Saturday, July 5, 2014

Mr HR Manager , There is an elephant in the room !



My own data & findings are not new. It further corroborates which most always feared was the case. Human resource function has to work more to make employees trust people and organizations.

Trust has been long been seen & believed as one key factor in helping people create long lasting and fruitful relationships. Yet we find that this subject is not being discussed by HR at senior levels. Is not building relationship between employees, organization the basis to attracting & retaining talent?

HR and HR systems are very important to the process of building trust. If we do not change the basic HR processes around promotion, appraisal, reward, leader selection and so on to reflect the importance of trust to the organisation, we are not going to get trust.” And it’s just as important for organisations that already have high levels of trust to maintain them.

Here in lies the biggest challenge for HR. HR itself is not trusted by employees.

HR is seen & perceived as siding with top management. The exercise of annual performance appraisal leads a lot to be desired and HR is seen as people & function holding back more than revealing. There association and anchoring of any right sizing & restructuring exercise in the organization also creates trust issues with employees.
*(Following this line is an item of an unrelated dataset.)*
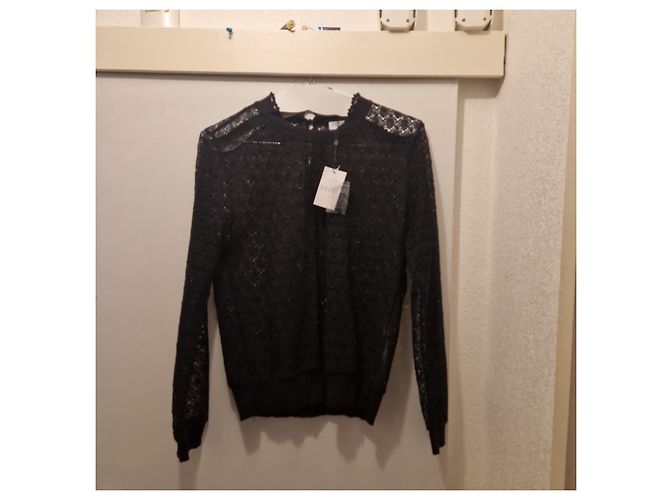 Claudie Pierlot Spitzenpullover Schwarz - Ansicht 11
HR is also challenged by behaviours at leadership level added to the fact that senior leadership teams tend not to project a cohesive picture. Irrespective HR has a role to play in building & help resolve trust issues? There will always be issues in top teams, but the more dysfunctional they are, the less people trust them. Making sure the head office works as a team and supports the organisation is something HR rarely thinks about.

Why does trust matter at all? Leaders achieve success with teams when they show
& share their vulnerabilities. The willingness for somebody to take a risk, to allow themselves to feel vulnerable, believing the other person has an attitude of goodwill towards them is all about trust building.

It is not engagement. Trust is much more fundamental. If employee just trusts his boss and not the senior leadership team, we can do masses of engagement activities, yet there shall be no radical rise in performance, as people will be viewing those activities through a lens of distrust.Trustworthiness is based on four main drivers: benevolence, ability, predictability and integrity. 

It is not easy. But then HR manager has to decide to get back the respect for his role, team and function. It will be worth the effort. Make a beginning. Make people see the elephant in the room.

Talk about Trust. Make it explicit. 

Establish the business link of trust to results and performance. 

Begin from the leadership level, help them develop self -awareness “How good are they at understanding and managing relationships from their perspective as a leader.”

Invest in training & coaching leaders. 

Help people surface out trust issues, put them on the table and discuss them. Be the facilitator. 

 The role & job is cut out. HR must lead the way and bring trust issues on the table. This “elephant in the room” can be ignored only at the cost of organizational performance in these challenging & competitive times. Begin now.